You might think the answer is simple: have your advisors sign a non-compete agreement. You will then be completely protected, right? Unfortunately, the answer is often “not really”, “probably not”, or even “actually, not at all.”
Inconsistent Laws from State to State
Non-compete agreements can be tricky, because this is an area of the law that has generated a variety of approaches in different states. Some states are generally pro-employer and permit these kinds of agreements on a fairly broad basis. Others are much more restrictive. And some states, such as California, almost never allow these kinds of agreements.
Even where these agreements are permitted, they should be prepared by an attorney with detailed knowledge of the law of the particular state dealing with these issues.
Getting Signatures? It’s all in the Timing.
Another important factor to consider is the timing of having your employees sign such an agreement. I have had clients in the past wait until the employee has left before coming to me to ask for help. Often, they are too late. These agreements stand the greatest chance of being enforceable when they are signed at the beginning of the employment relationship.
Some states limit the ability of employers to request that existing employees sign such an agreement in order to remain employed. You might have to pay special bonuses or promote the employee to provide sufficient “consideration” under the law.
Protecting your “Secret Sauce”
As for your client lists and any proprietary formulas or processes, these are generally entitled to pretty strong protection as trade secrets – as long as you take the necessary steps to protect them. You need to make sure you get knowledgeable advice on this as well, because once information that was a trade secret is let out into the open, future protection is extremely difficult if not impossible.
Ditch the Template for Maximum Protection
There are no simple answers here – no cookie cutter off-the-shelf templates that can simply be cut and pasted along with the employee’s name. When litigated, courts evaluate these agreements based on all the facts and circumstances related to the employee and his or her relationship with your firm and the clients.

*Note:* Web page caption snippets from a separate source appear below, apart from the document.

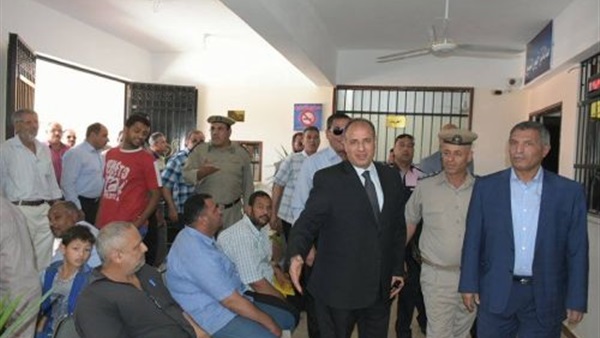محافظ البحيرة يتفقد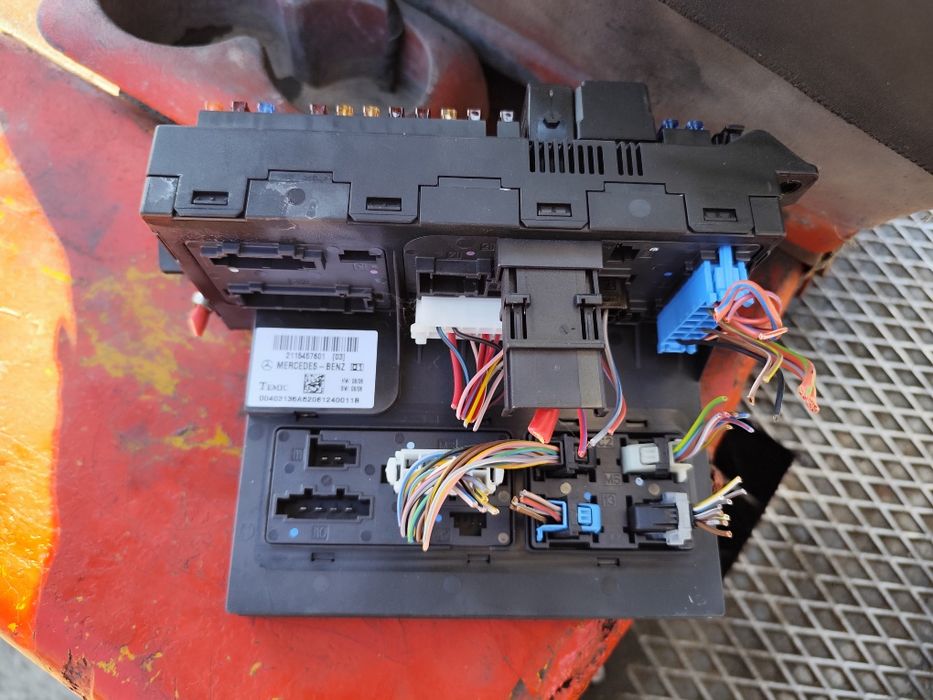 Преден SAM модул за Мерцедес W211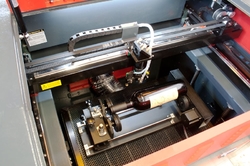 Gravírovací a rezací CO<sub>2</sub> laser Numco E 4060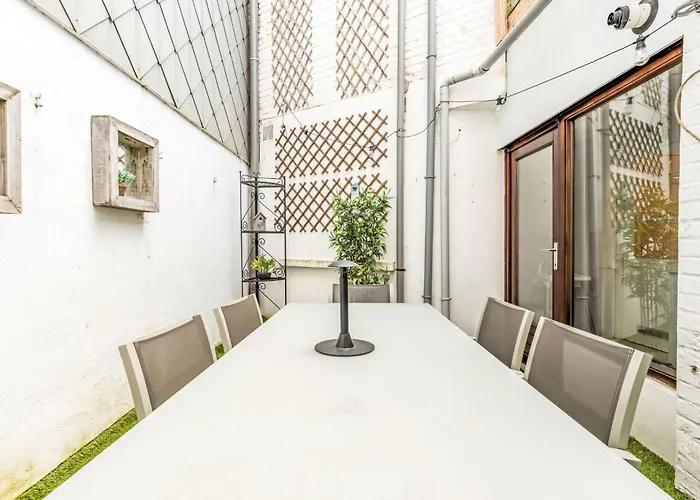 Cozy Casa With Terrace By Interhome Ostend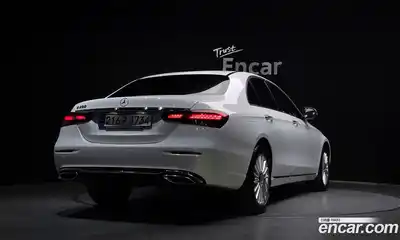 Mercedes-Benz E-Class 2023 2.0 гидро в Москве № 1147081, миниатюра 2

Proper drafting of such an agreement up front requires the same kind of evaluation of the facts and circumstances, including the territorial extent of the agreement, the types of activity to be restricted, and the scope of the employee’s duties. All of these need to be considered in light of the state’s rules on what is necessary for such agreements to be reasonable and enforceable.
The Bottom Line
As a business owner, you can and should take steps to protect your legitimate business interests. As with most things, doing so up-front on a pro-active basis is the most successful approach.